Monday, October 04, 2010


"Tryin' dis me, ole raggy rooty-poot runned up gangsta? Who you think you are, M.C. Hammer? You can't 'ford this Louis Vuitton!"
-Asian swap meet huckster, "Swap Meet Louis"

China is infamous for its knockoffs - fake copies of popular items and brands. The last time I wrote about this it was about the Chinese Olympics mascot which was basically Mickey Mouse with square holes in its ears, and their theme park which was almost entirely faked from Disneyland.

Here's a few images of some knockoffs, some are pretty well-done fakes:

Some of them are better done than others, and some are just... weird:

Overall, the US customs department seized $113 million in counterfeit goods as of August of this year, but that's just what they caught coming into the US, an estimated 5%. Brian Burnsed at Bloomberg news reports:
The World Customs Organization reports that counterfeit goods account for nearly 10% of worldwide trade, an estimated $500 billion annually. But the sheer size of the counterfeit market makes it hard for law enforcement agencies to make a dent in this illicit trade.
According to the article, fake shoes alone account for $12 billion in lost revenue per year. Software takes the biggest hit, with knockoffs and copies costing more than 30 billion bucks a year from the rightful owners. According to the international chamber of commerce, 40% of all counterfeited goods in the world are made up of copies of just 25 brands. These are brands like Nike, Adidas, Puma, LG, Sony, Microsoft and so on - top sellers in their highly popular fields.

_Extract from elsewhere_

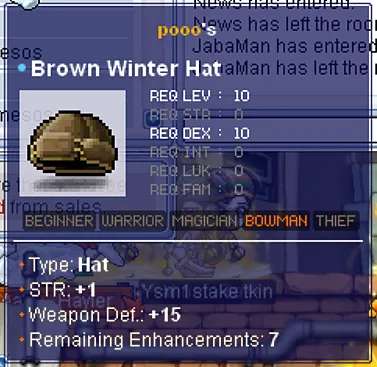 Screenshot 1 of Brown Winter Hat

AOL has a list of the top 5 brands being copied and sold on the internet:
  1. UGGs
  2. Coach
  3. Tiffany's
  4. Christian Louboutins
  5. Sports jerseys
Not coincidentally, these are the brands being most spammed on comment sections and forums around the internet as well. Despite this copying and supposedly loss of revenue, companies such as Nike are doing well; Nike sales increased more than 50% over the last decade. In a 2006 article at Intangible Business, Stuart Whitwell writes why some companies just don't care about the fakes:
Some brands do embrace the counterfeit market rather than seeing it as a threat. Georgio Armani, on a recent trip to Shanghai, purchased a fake Armani watch for instead of the £710 his authentic watches retail for. He said "It was an identical copy of an Emporio Armani's flattering to be copied. If you are copied, you are doing the right thing." Although this was a publicity stunt it does highlight the fact that consumers of fake merchandise are polar opposites to consumers of the authentic and therefore pose no significant threat to the brand owner.

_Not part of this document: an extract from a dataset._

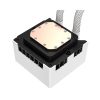 ID-Cooling CPU Water Cooler - DASHFLOW 360 XT LITE WHITE (25dB; max. 132,94 m3/h; 3x12cm, fehér)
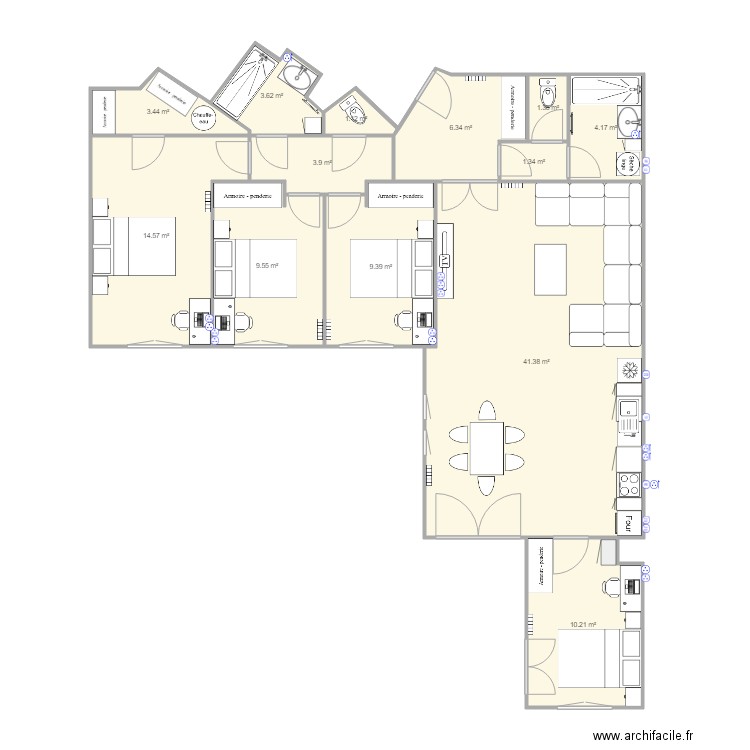 ARGENTEUIL. Plan de 0 pièce et 0 m2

Another benefit of counterfeiting is that it closes off the competition. High priced branded goods encourage competition to enter the market at slightly lower price points. Counterfeiters then produce branded goods and sell at significantly below the cost of the competition. This means the competition is squeezed out as it has nowhere to go - it's priced out of the top market by the original brand and can't compete with the counterfeit as their prices are too low.
In a way he's right: you can find nearly anything out there to download off various peer to peer file sharing programs, but you won't find my gaming stuff. Why? Not because I'm so aggressive at protecting my copyright, but because almost nobody knows about it and nobody cares. If my Fantasy Codex showed up as a pdf download on Pirate Bay, that would mean I've become so popular and my works so in demand that someone thought others would be interested enough to set them up in a torrent.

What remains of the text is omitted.